Czech architect, urban planner, designer and artist (1916–2007)

Ing. arch. Dr. Jaroslav Otruba (11 November 1916 – 5 February 2007) was a Czech architect, urban planner, designer and artist.

Jaroslav Otruba was born in Olomouc, Morava, then part of the Austro-Hungarian Empire. He was the son of a cabinetmaker. His life spanned several turbulent periods of Czech Republic's history: World War I before the dissolution of the Austro-Hungarian Empire in 1918; under Nazi occupation from 1939 until the end of World War II in 1945; and under the rule of the communist Soviet Republic from 1948 to 1989.

Jaroslav Otruba's most prolific work, particularly in architecture, was produced during the latter part of the 20th century. He contributed to the urban design and planning of Prague and the rest of Czech Republic. He is best known for his contributions to the creation, design, and development of the Prague Metro system.

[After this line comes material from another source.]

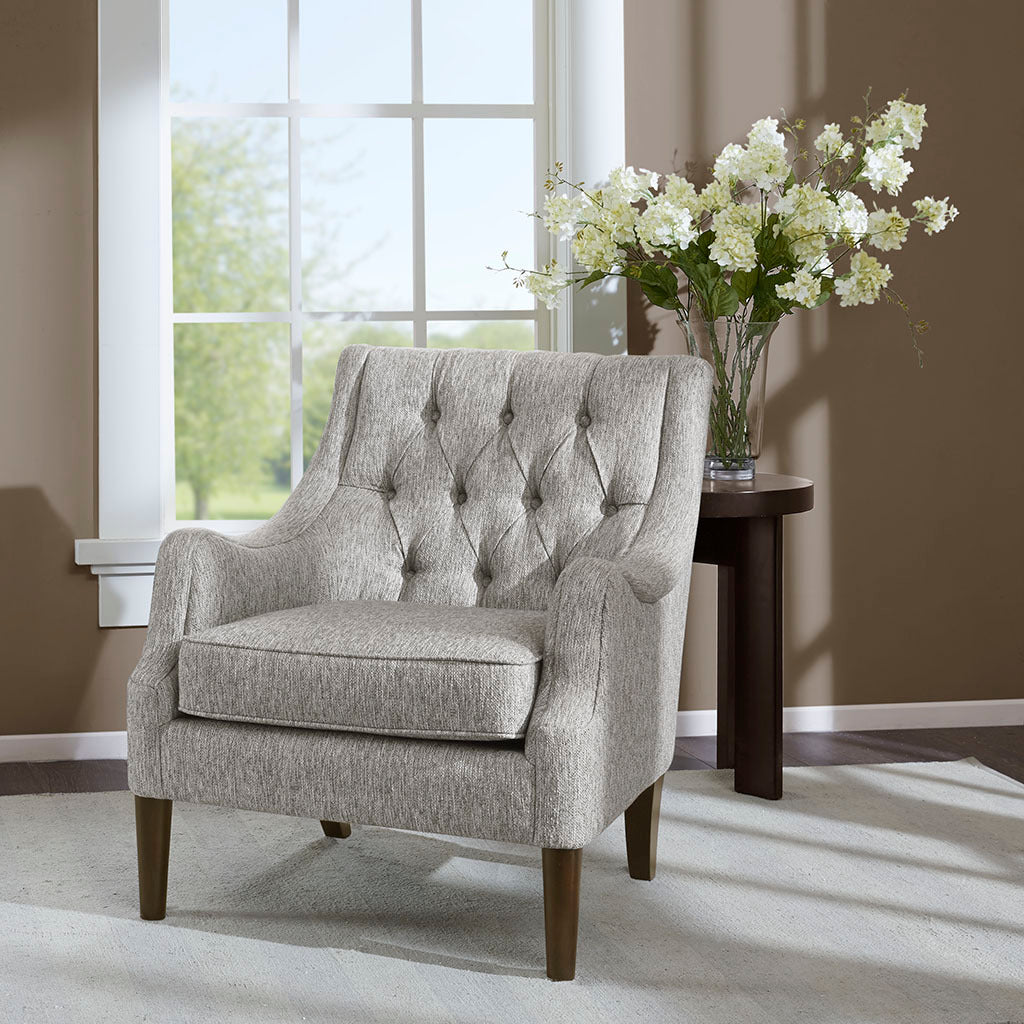 Button Tufted Accent Chair grey-polyester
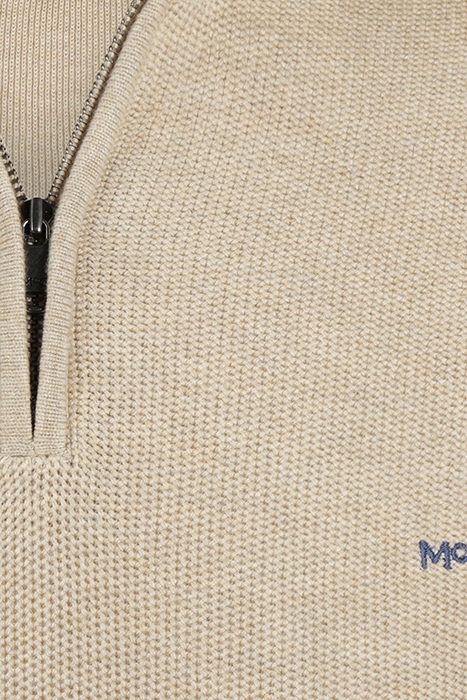 STRUCTURED ZIP MOCK SWEATER SAND 7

Jaroslav Otruba was both an architect and urban planner. One of his more visited contributions are the colorful aluminum tiles found in Line A of the Prague Metro. The artistic style of the tiles draws on the op-art movement of the 1960s and it is considered a Prague tourist attraction.

== Education ==
After graduating from technical school, he began studying at the University of Architecture and Civil Engineering in Prague. His mentors included Antonín Mendl, under whom Jaroslav Otruba studied Architecture; Alois Mikuškovic, under whom he studied Town Planning and Landscaping; and Oldřich Blažíček, who directed his courses on Drawing and Painting. The Nazis closed all universities in 1939, delaying Otruba's graduation until June 1945, which he then completed with Honors. The Ministry of Education later back-dated his graduation to 1940.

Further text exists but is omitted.